§ **What to do**: Would you print exactly the lines that begin the listing and continue through the line holding "baby crying between airplane seats"? No pictures, please.

---------- Source data ----------

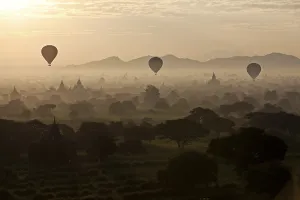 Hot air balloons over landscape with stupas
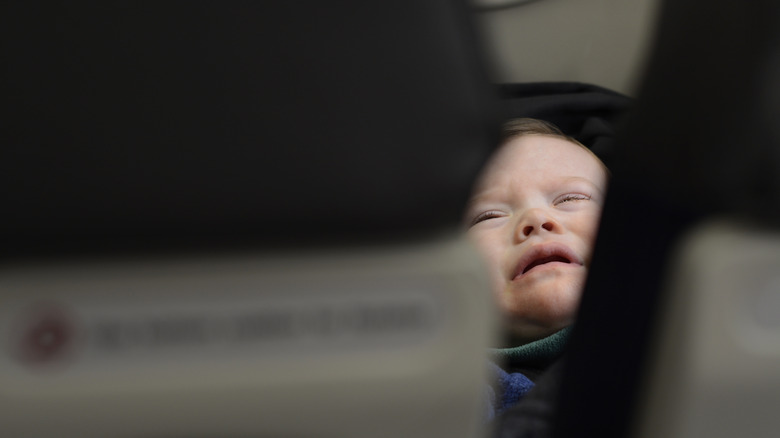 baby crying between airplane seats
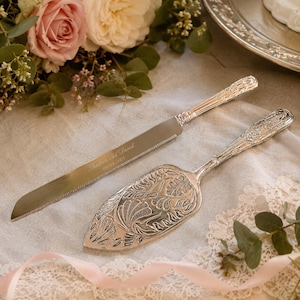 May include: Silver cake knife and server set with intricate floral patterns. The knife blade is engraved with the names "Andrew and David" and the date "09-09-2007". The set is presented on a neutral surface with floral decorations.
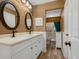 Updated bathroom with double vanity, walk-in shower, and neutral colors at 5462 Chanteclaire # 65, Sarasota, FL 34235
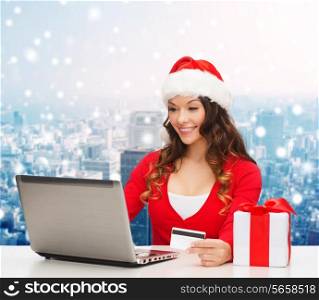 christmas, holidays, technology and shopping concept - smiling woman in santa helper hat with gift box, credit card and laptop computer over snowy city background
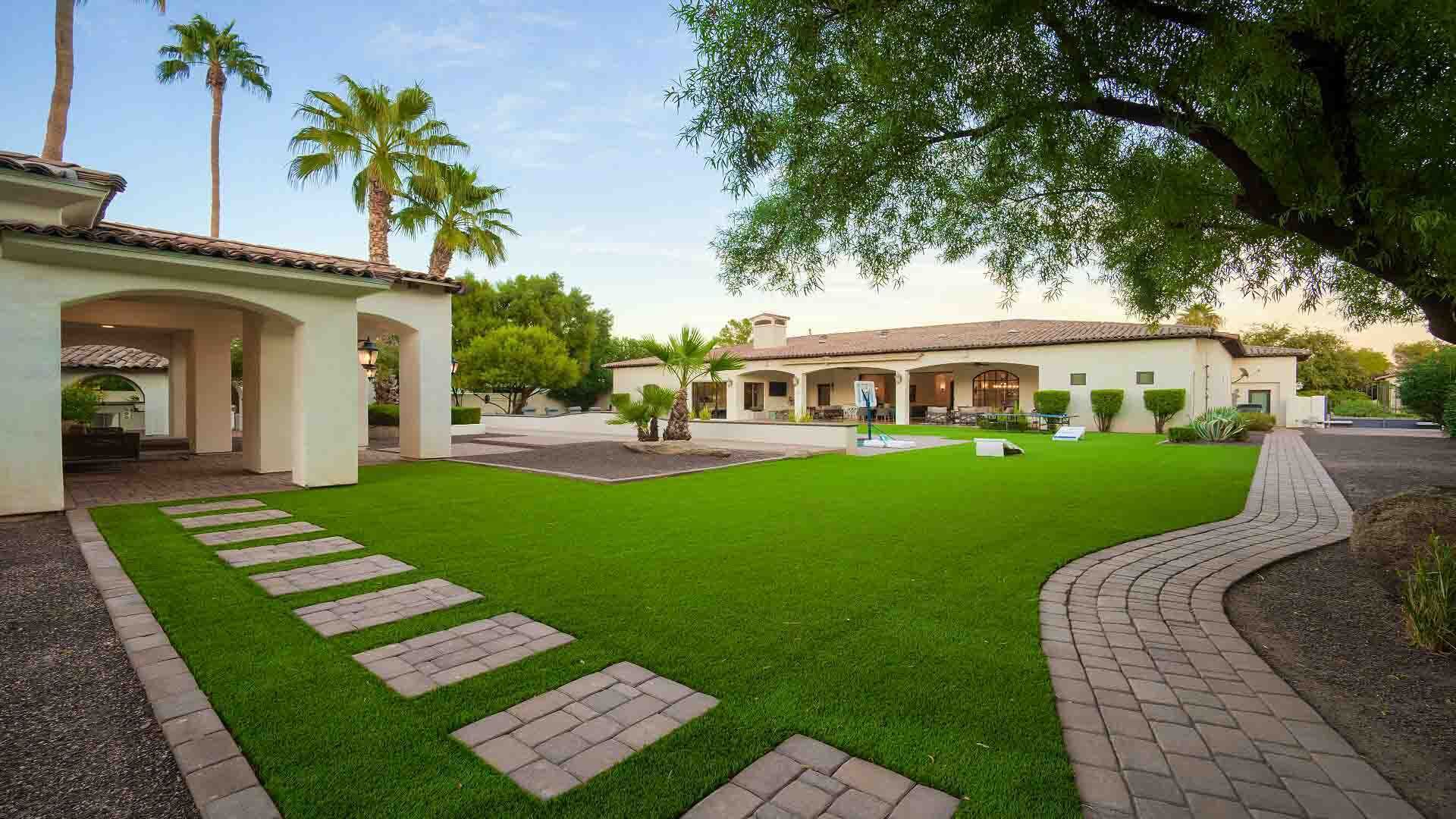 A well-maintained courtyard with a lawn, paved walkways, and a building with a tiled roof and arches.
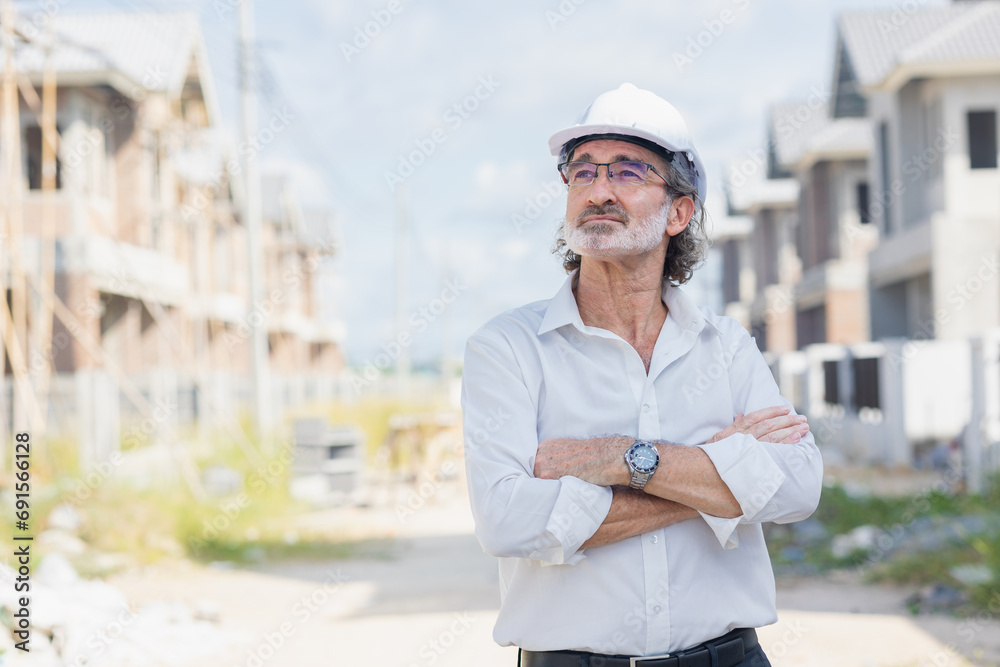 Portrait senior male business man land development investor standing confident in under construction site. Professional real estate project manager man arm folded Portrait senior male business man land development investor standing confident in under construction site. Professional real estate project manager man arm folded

----------

§ **Your response**:
 Hot air balloons over landscape with stupas
 baby crying between airplane seats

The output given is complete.